■ WHAT YOU ARE ASKED TO DO ■
Give all the lines below again, exactly, with no pictures.

■ COLLECTED DATA ■
--------------------------------------------------

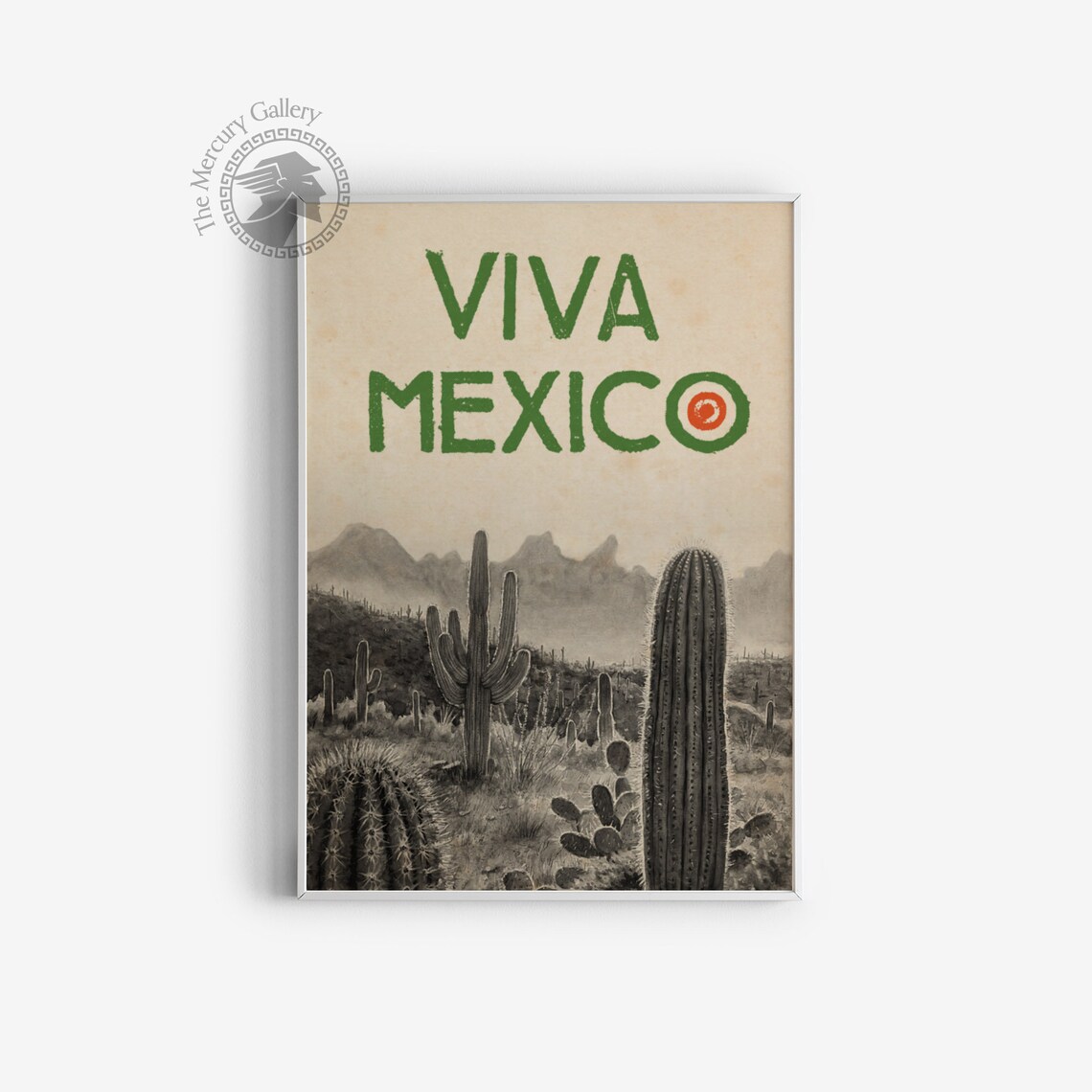 Viva Mexico Desert Cactus Mountains Monochrome Vintage Travel Poster - Image 6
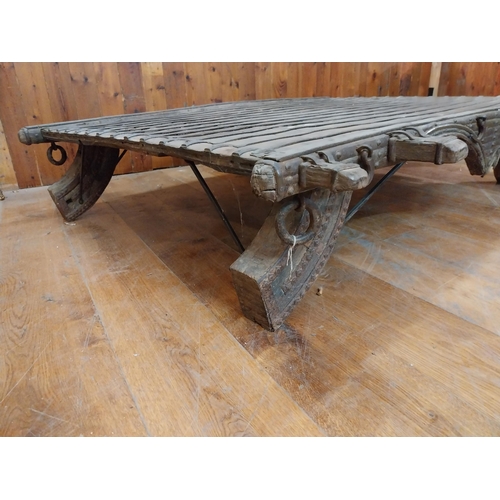 362 - Rare 19th C. Oriental hardwood and wrought iron coffee table  {33 cm H x 180 cm W x 144 cm D}.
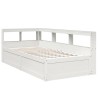 Lit bibliothèque sans matelas blanc 90x200cm bois de pin massif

--------------------------------------------------

■ TASK OUTPUT ■
 Viva Mexico Desert Cactus Mountains Monochrome Vintage Travel Poster - Image 6
 362 - Rare 19th C. Oriental hardwood and wrought iron coffee table  {33 cm H x 180 cm W x 144 cm D}.
 Lit bibliothèque sans matelas blanc 90x200cm bois de pin massif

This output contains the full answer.